* [Task requirements]
The answer must consist solely of the lines from the line with "Appartement te koop" to the final line of the data below, reproduced exactly, pictures omitted.

* [The data]
• • • • • • •

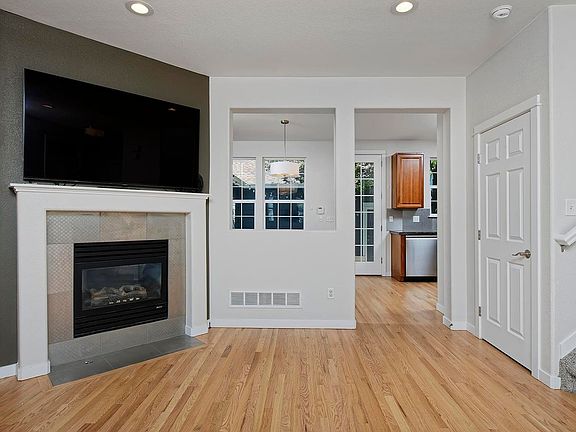 5th image of 262 Casper Dr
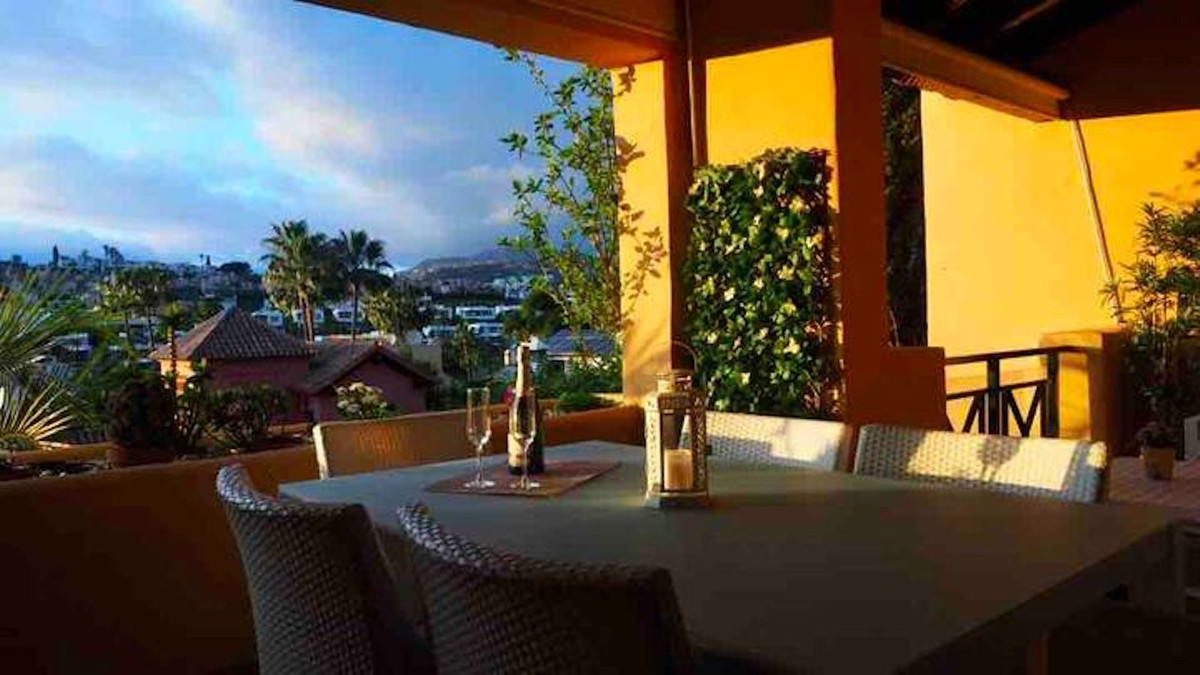 Appartement te koop in Estepona | 2 slaapkamers H5359627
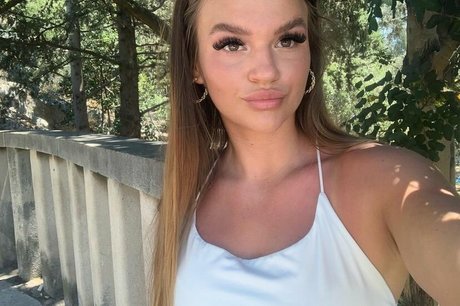 Nahá fotka uniklých OnlyFans od Sarah Slavo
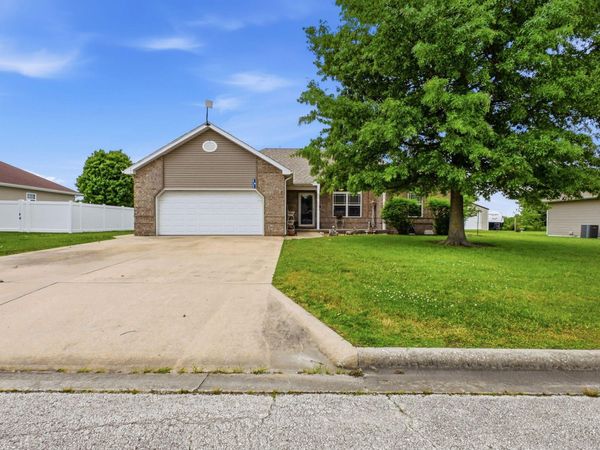 4763 S 129th Road, Bolivar, MO 65613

• • • • • • •

* [Answer to this task]
 Appartement te koop in Estepona | 2 slaapkamers H5359627
 Nahá fotka uniklých OnlyFans od Sarah Slavo
 4763 S 129th Road, Bolivar, MO 65613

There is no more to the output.